Le fait d'avoir pour l'Etat une personnalité morale a, entre autres conséquences juridiques, de générer un certain nombre de droits et obligations. Le paradoxe est que, dans le cas de l'Etat, c'est l'Etat lui-même, en tant que producteur de droits, qui a la charge de faire assurer, par lui-même, le respect du droit. Ce qui fait qu'on a une forme d'auto-limitation de l'Etat par lui-même, c'est-à-dire de l'Etat par le droit, par la volonté de l'Etat.
La volonté de l'Etat, c'est en même temps ce qui guide les actions de l'Etat, mais en même temps ce qui les limite.
Les différentes formes de l'État
Les représentations de l'Etat en droit constitutionnel ne sont pas univoques. Il existe autant de formes d'État que d'États.
Pour en rendre compte, la doctrine procède à des classifications. Ces classifications ont évidemment un caractère théorique et pédagogique, on ne les retrouve pas dans la réalité, dans la nature. Ce sont des constructions théoriques destinées à rendre compte d'un certain trait de la réalité.
Elles ont une vocation essentiellement pédagogique, c'est le propre des classifications et notamment des classifications en matière d'Etat.
Il existe deux grands modèles théoriques d'Etat, l'Etat fédéral et l'Etat unitaire. Entre les deux, il existe de nombreuses nuances, comme l'Etat régional et l'Etat décentralisé. Ces différents types d'Etat ont tout de même un point commun, en droit international public. Du point de vue du droit international public, la souveraineté appartient toujours à l'Etat central.

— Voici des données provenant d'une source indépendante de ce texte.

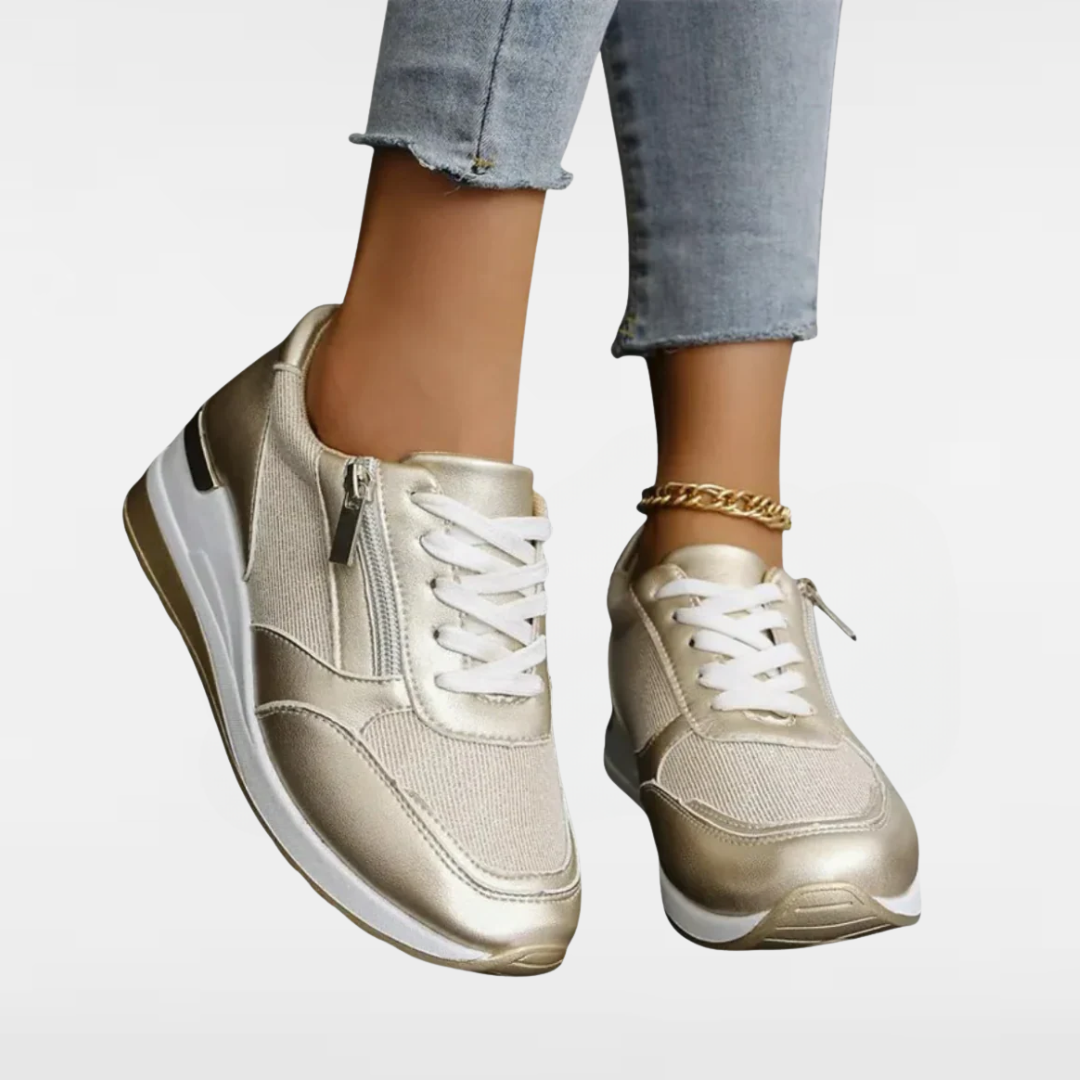 Jenny | Fashion sneakers with laces and side zipper in sparkling silver and gold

Les collectivités infraétatiques, quel que soit leur degré d'autonomie ou d'indépendance par rapport à l'Etat central, n'ont pas d'existence propre, n'ont pas de capacité à agir internationalement, puisqu'elles sont dépourvues de souveraineté. Au niveau du droit international public, on ne reconnaît qu'une seule forme qui est l'Etat central.
Mais en dehors du droit international public, là, on connaît des formes variées. La forme d'organisation de l'Etat correspond à la forme de l'organisation juridique de l'Etat. La forme de l'organisation juridique de l'Etat, c'est ce qui correspond à la forme d'Etat. À partir de quoi on va définir cette forme d'Etat ?
Ce qui compte pour déterminer la forme de l'Etat, c'est de s'intéresser aux questions relatives à la détermination de l'espace de validité territoriale des normes.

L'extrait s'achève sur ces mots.